Paul Gramieri and Jonathan Che
February 15, 2017
Often, datasets need manipulation before we can analyze them. We want our data to look like this…
firstname | lastname | age | state |
---|---|---|---|
Fred | Flores | 24 | MA |
Sally | Smith | 31 | NY |
Jim | Jones | 27 | GA |
But we often get data that looks more like this:
firstname | lastname | age | state |
---|---|---|---|
Fred Flores | Twenty Four | MA | |
Smith, Sally | 31 | New York | |
Jim | Jones | '27' | The Peach State |
Base R is helpful for some basic manipulation.
dataset[1,2] returns value in 1st row, 2nd column
dataset[3,] returns 3rd row
dataset[,4] returns 4th column
vector[5] returns 5th item
data frame, vector, matrix, character, numeric
is.numeric(), is.vector(), is.data.frame(), etc
as.numeric(), as.vector(), as.data.frame(), etc
The 'dplyr' and 'tidyr' packages contain more functions to help us wrangle our data.
library('dplyr')
library('tidyr')
All functions follow the basic syntax:
function(dataset, argument)
See cheat sheet for list of functions. We'll go through some with an example.
We'll be using the 'CPS85' dataset from the 'mosaicData' package.
library('mosaicData')
dim(CPS85)
[1] 534 11
We don't care about all 11 columns. Use 'select' to extract the columns you need.
CPS85.a <- CPS85 %>%
select(wage, educ, sex, age, sector)
head(CPS85.a)
wage educ sex age sector
1 9.0 10 M 43 const
2 5.5 12 M 38 sales
3 3.8 12 F 22 sales
4 10.5 12 F 47 clerical
5 15.0 12 M 58 const
6 9.0 16 F 49 clerical
Use 'filter' to extract rows based on some arguments
CPS85.b <- CPS85 %>%
select(wage, educ, sex, age, sector) %>%
filter(sector == 'clerical',
educ >= 12) # At least a HS education
head(CPS85.b)
wage educ sex age sector
1 10.50 12 F 47 clerical
2 9.00 16 F 49 clerical
3 3.50 12 M 53 clerical
4 9.10 13 M 35 clerical
5 11.25 17 F 55 clerical
6 8.00 14 F 35 clerical
We can also create new variables.
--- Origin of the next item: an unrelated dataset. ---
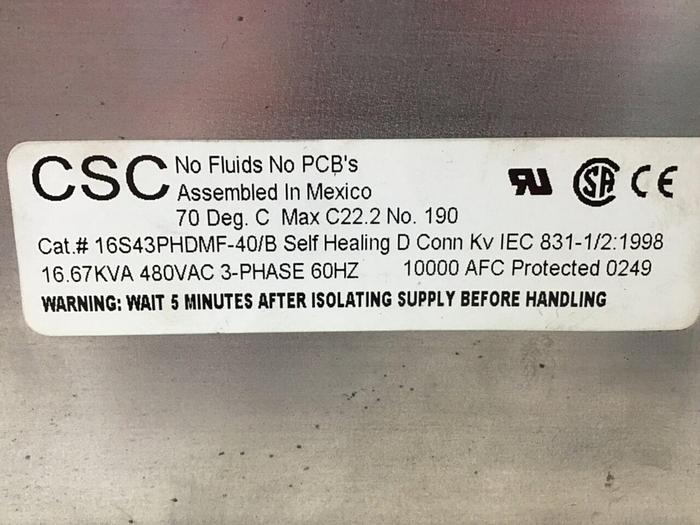 Used CSC Capacitor 16543PHDMF-40/B #135279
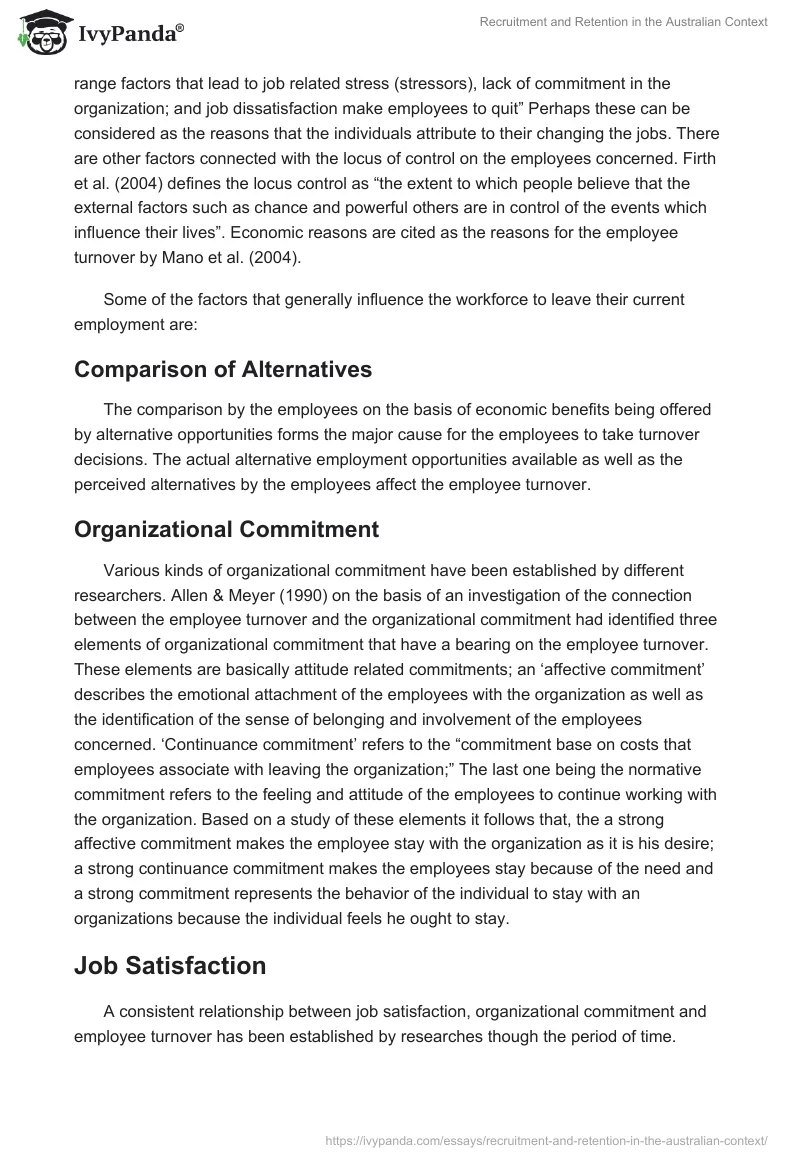 Recruitment and Retention in the Australian Context. Page 4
Let's create one called 'work_years' that specifies number of years in the workforce.
CPS85.c <- CPS85.a %>%
mutate(work_years = age - educ - 6)
head(CPS85.c)
wage educ sex age sector work_years
1 9.0 10 M 43 const 27
2 5.5 12 M 38 sales 20
3 3.8 12 F 22 sales 4
4 10.5 12 F 47 clerical 29
5 15.0 12 M 58 const 40
6 9.0 16 F 49 clerical 27
To order our dataset in terms of a certain variable, we can use 'arrange'
CPS85.d <- CPS85.a %>%
arrange(age)
head(CPS85.d)
wage educ sex age sector
1 3.35 12 M 18 other
2 3.35 12 F 18 service
3 5.00 12 F 18 clerical
4 10.00 16 F 18 prof
5 4.00 13 M 19 other
6 6.67 12 M 19 manuf
If we want to find some summary statistics to compare distinct groups in the data, we can use 'group_by' and 'summarize'
CPS85.e <- CPS85 %>%
group_by(sex) %>%
summarize(avg_wage = mean(wage))
CPS85.e
# A tibble: 2 x 2
sex avg_wage
<fctr> <dbl>
1 F 7.878857
2 M 9.994913
Consider the following two data frames that display the same information about students' scores on two tests:
firstname | lastname | test1 | test2 |
---|---|---|---|
Fred | Flores | 91 | 82 |
Sally | Smith | 93 | 89 |
firstname | lastname | test | score |
---|---|---|---|
Fred | Flores | test1 | 91 |
Sally | Smith | test1 | 93 |
Fred | Flores | test2 | 82 |
Sally | Smith | test2 | 89 |
Sometimes we want data that looks like the first table, and sometimes we want data that looks like the second table. To go from the first table to the second table, we use the gather() function:
gather(key, value, cols_to_gather)
table1 %>% gather(test, score, test1:test2)
firstname lastname test score
1 Fred Flores test1 91
2 Sally Smith test1 93
3 Fred Flores test2 82
4 Sally Smith test2 89
To go from the second table to the first table, we use the spread() function:
spread(key, value)
table2 %>% spread(test, score)
firstname lastname test1 test2
1 Fred Flores 91 82
2 Sally Smith 93 89
Any questions? Remember, your cheat sheet is a good resource! Use it!
Use your cheat sheet to work through the worksheet.